Exercise
In the entries below, begin at the line that has "INJORA 2Pcs Metal" and stop after the line that has "Clare V Le Bateau"; output those lines exactly, leaving out pictures.

[Given entries Boundary: Start]

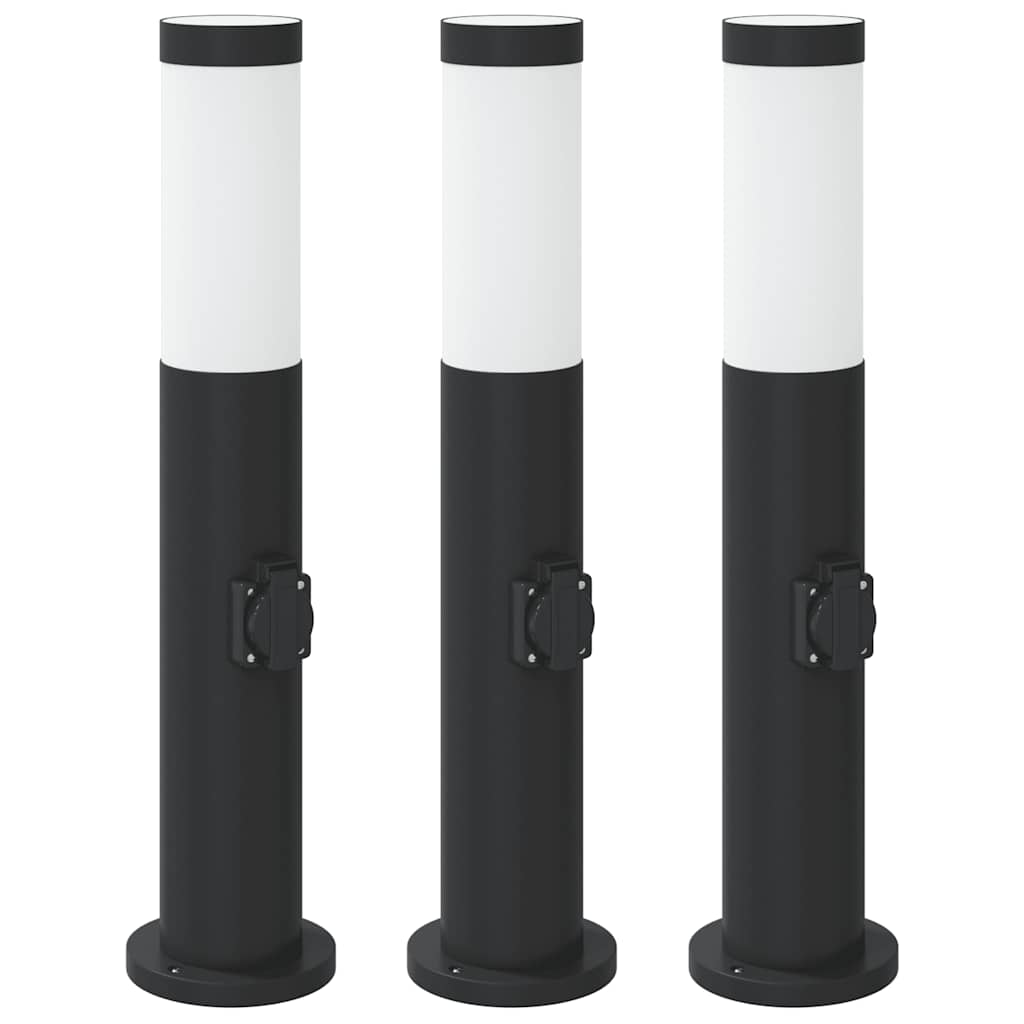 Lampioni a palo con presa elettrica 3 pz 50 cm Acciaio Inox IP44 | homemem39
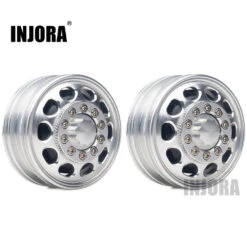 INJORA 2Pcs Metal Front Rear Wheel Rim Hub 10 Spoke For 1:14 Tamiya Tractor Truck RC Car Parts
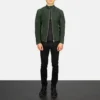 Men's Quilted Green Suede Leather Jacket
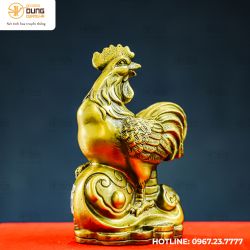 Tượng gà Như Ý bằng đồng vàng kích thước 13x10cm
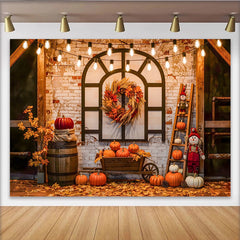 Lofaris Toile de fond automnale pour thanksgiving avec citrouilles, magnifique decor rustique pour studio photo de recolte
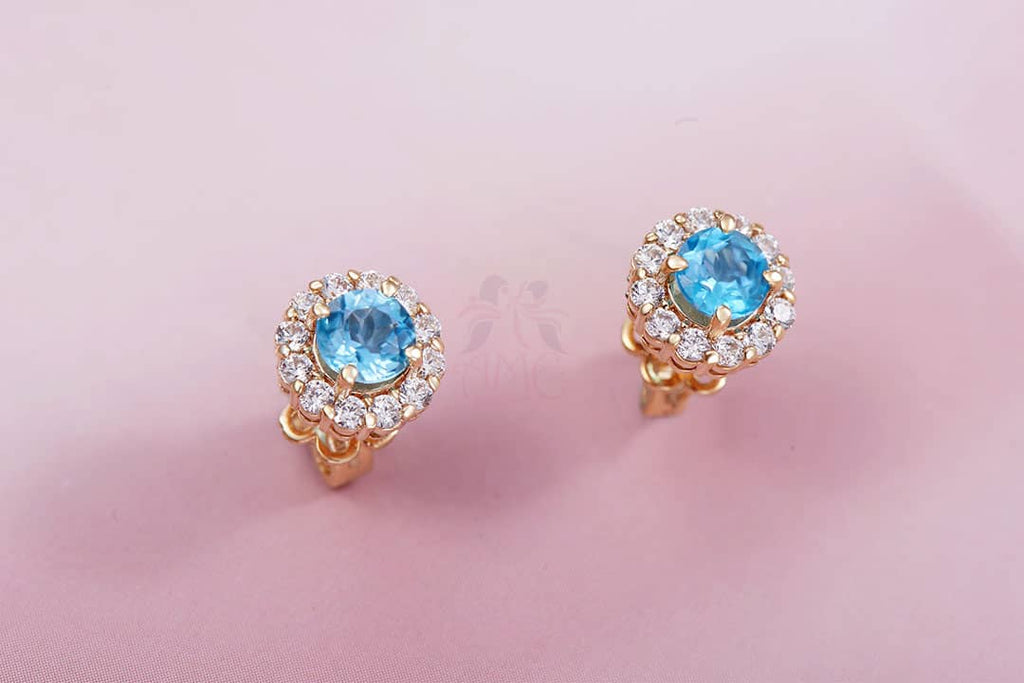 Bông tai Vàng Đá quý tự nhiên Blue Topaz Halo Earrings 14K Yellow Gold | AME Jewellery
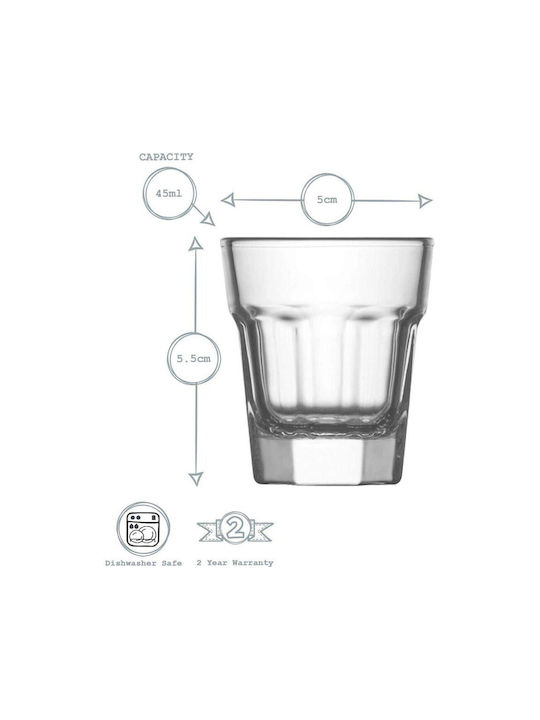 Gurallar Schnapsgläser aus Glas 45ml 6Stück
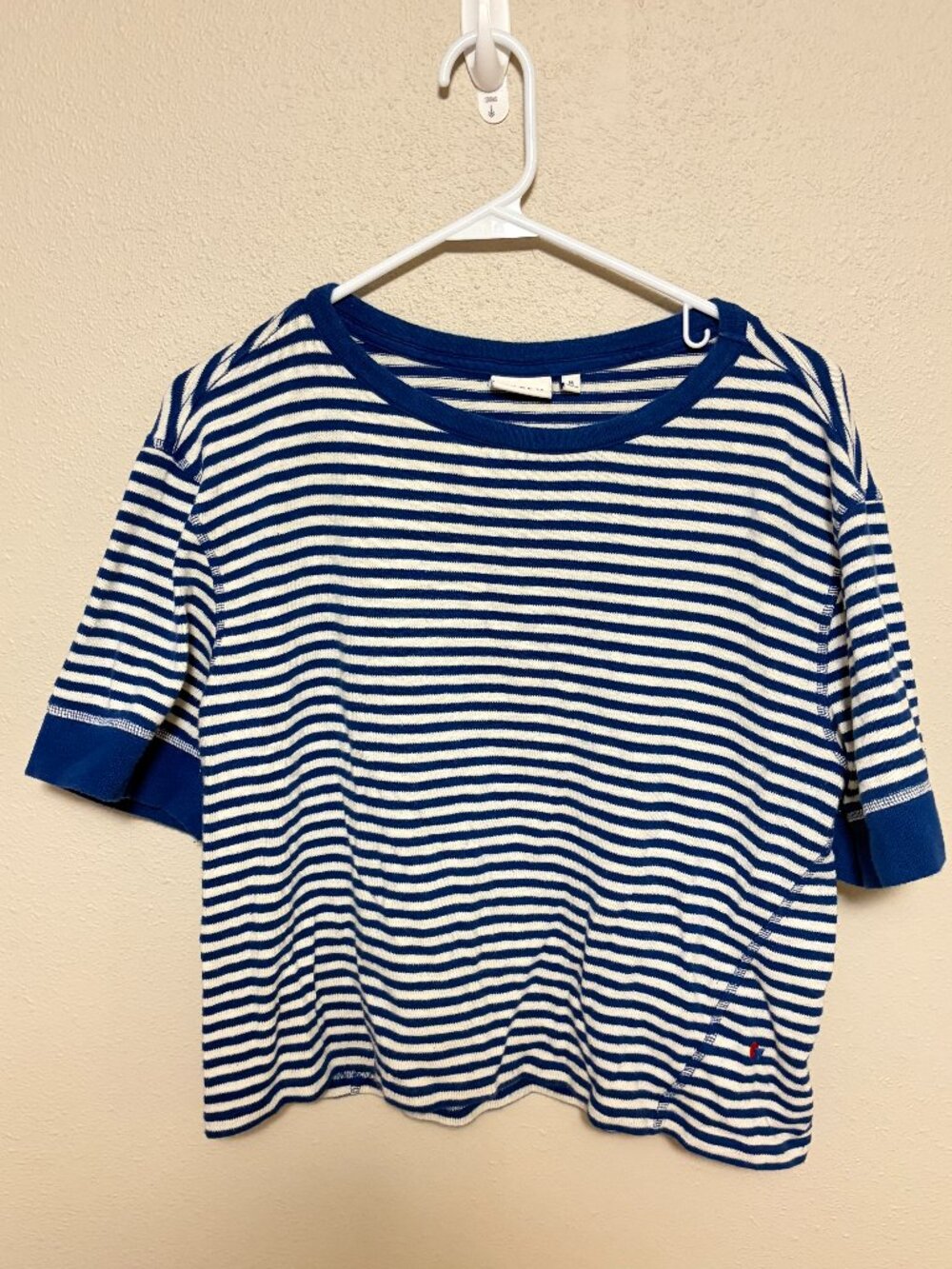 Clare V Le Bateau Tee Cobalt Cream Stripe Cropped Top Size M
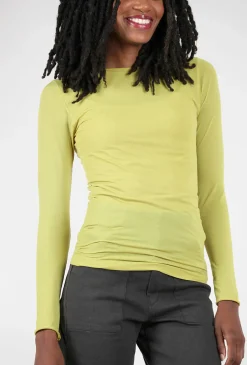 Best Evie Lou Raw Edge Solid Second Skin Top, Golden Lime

[Given entries Boundary: End]

Answer
 INJORA 2Pcs Metal Front Rear Wheel Rim Hub 10 Spoke For 1:14 Tamiya Tractor Truck RC Car Parts
 Men's Quilted Green Suede Leather Jacket
 Tượng gà Như Ý bằng đồng vàng kích thước 13x10cm
 Lofaris Toile de fond automnale pour thanksgiving avec citrouilles, magnifique decor rustique pour studio photo de recolte
 Bông tai Vàng Đá quý tự nhiên Blue Topaz Halo Earrings 14K Yellow Gold | AME Jewellery
 Gurallar Schnapsgläser aus Glas 45ml 6Stück
 Clare V Le Bateau Tee Cobalt Cream Stripe Cropped Top Size M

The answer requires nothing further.